* DATA PROVIDED
☆ ☆ ☆ ☆ ☆

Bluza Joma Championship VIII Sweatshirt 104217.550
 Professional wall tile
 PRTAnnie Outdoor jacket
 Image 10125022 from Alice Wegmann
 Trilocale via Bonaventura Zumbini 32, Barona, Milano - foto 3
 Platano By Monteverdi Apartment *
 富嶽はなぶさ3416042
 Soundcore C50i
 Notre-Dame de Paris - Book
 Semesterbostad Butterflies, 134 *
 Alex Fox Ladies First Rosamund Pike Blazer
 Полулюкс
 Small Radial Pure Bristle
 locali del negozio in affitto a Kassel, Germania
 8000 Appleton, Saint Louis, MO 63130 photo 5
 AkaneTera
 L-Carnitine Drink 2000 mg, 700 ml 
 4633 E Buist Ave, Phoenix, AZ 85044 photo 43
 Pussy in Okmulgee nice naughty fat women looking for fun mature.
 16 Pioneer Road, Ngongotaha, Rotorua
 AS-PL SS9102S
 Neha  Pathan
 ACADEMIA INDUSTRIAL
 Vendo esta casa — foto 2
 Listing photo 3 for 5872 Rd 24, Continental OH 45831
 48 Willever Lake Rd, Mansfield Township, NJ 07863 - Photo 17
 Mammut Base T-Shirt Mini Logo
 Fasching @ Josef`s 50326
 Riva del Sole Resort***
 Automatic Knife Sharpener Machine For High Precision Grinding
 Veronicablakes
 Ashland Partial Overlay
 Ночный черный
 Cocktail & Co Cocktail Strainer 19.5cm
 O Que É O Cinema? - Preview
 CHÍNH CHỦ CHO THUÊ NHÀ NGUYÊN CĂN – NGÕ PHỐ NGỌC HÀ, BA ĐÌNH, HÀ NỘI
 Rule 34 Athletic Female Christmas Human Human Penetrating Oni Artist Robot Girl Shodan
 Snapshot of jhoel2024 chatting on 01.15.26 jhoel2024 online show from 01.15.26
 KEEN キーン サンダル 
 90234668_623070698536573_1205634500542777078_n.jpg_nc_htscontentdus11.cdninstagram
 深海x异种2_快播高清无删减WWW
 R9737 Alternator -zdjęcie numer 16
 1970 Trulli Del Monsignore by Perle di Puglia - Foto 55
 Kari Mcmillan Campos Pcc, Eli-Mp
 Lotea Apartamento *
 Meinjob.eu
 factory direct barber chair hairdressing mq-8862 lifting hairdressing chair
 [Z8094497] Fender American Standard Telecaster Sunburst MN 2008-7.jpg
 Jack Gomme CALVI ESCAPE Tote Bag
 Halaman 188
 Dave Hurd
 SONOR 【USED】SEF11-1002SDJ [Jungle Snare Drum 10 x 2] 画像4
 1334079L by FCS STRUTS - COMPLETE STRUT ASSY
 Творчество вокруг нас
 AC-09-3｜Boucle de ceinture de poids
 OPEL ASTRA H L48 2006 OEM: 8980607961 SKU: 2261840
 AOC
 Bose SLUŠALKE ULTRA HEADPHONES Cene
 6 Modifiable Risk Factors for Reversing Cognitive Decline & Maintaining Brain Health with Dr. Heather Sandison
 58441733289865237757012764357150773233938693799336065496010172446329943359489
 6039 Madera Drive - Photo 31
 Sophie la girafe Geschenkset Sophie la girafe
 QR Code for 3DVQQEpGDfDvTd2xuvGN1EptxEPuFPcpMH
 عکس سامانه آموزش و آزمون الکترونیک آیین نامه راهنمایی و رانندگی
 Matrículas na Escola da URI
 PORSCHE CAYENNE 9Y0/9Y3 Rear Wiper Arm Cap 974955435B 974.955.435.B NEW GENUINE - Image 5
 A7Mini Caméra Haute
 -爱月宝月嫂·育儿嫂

☆ ☆ ☆ ☆ ☆

* WHAT YOU ARE ASKED TO DO
From the first line of the records to the line containing "6 Modifiable Risk", inclusive, transcribe everything exactly and leave out the rest.

* RESULT OF THIS TASK
Bluza Joma Championship VIII Sweatshirt 104217.550
 Professional wall tile
 PRTAnnie Outdoor jacket
 Image 10125022 from Alice Wegmann
 Trilocale via Bonaventura Zumbini 32, Barona, Milano - foto 3
 Platano By Monteverdi Apartment *
 富嶽はなぶさ3416042
 Soundcore C50i
 Notre-Dame de Paris - Book
 Semesterbostad Butterflies, 134 *
 Alex Fox Ladies First Rosamund Pike Blazer
 Полулюкс
 Small Radial Pure Bristle
 locali del negozio in affitto a Kassel, Germania
 8000 Appleton, Saint Louis, MO 63130 photo 5
 AkaneTera
 L-Carnitine Drink 2000 mg, 700 ml 
 4633 E Buist Ave, Phoenix, AZ 85044 photo 43
 Pussy in Okmulgee nice naughty fat women looking for fun mature.
 16 Pioneer Road, Ngongotaha, Rotorua
 AS-PL SS9102S
 Neha  Pathan
 ACADEMIA INDUSTRIAL
 Vendo esta casa — foto 2
 Listing photo 3 for 5872 Rd 24, Continental OH 45831
 48 Willever Lake Rd, Mansfield Township, NJ 07863 - Photo 17
 Mammut Base T-Shirt Mini Logo
 Fasching @ Josef`s 50326
 Riva del Sole Resort***
 Automatic Knife Sharpener Machine For High Precision Grinding
 Veronicablakes
 Ashland Partial Overlay
 Ночный черный
 Cocktail & Co Cocktail Strainer 19.5cm
 O Que É O Cinema? - Preview
 CHÍNH CHỦ CHO THUÊ NHÀ NGUYÊN CĂN – NGÕ PHỐ NGỌC HÀ, BA ĐÌNH, HÀ NỘI
 Rule 34 Athletic Female Christmas Human Human Penetrating Oni Artist Robot Girl Shodan
 Snapshot of jhoel2024 chatting on 01.15.26 jhoel2024 online show from 01.15.26
 KEEN キーン サンダル 
 90234668_623070698536573_1205634500542777078_n.jpg_nc_htscontentdus11.cdninstagram
 深海x异种2_快播高清无删减WWW
 R9737 Alternator -zdjęcie numer 16
 1970 Trulli Del Monsignore by Perle di Puglia - Foto 55
 Kari Mcmillan Campos Pcc, Eli-Mp
 Lotea Apartamento *
 Meinjob.eu
 factory direct barber chair hairdressing mq-8862 lifting hairdressing chair
 [Z8094497] Fender American Standard Telecaster Sunburst MN 2008-7.jpg
 Jack Gomme CALVI ESCAPE Tote Bag
 Halaman 188
 Dave Hurd
 SONOR 【USED】SEF11-1002SDJ [Jungle Snare Drum 10 x 2] 画像4
 1334079L by FCS STRUTS - COMPLETE STRUT ASSY
 Творчество вокруг нас
 AC-09-3｜Boucle de ceinture de poids
 OPEL ASTRA H L48 2006 OEM: 8980607961 SKU: 2261840
 AOC
 Bose SLUŠALKE ULTRA HEADPHONES Cene
 6 Modifiable Risk Factors for Reversing Cognitive Decline & Maintaining Brain Health with Dr. Heather Sandison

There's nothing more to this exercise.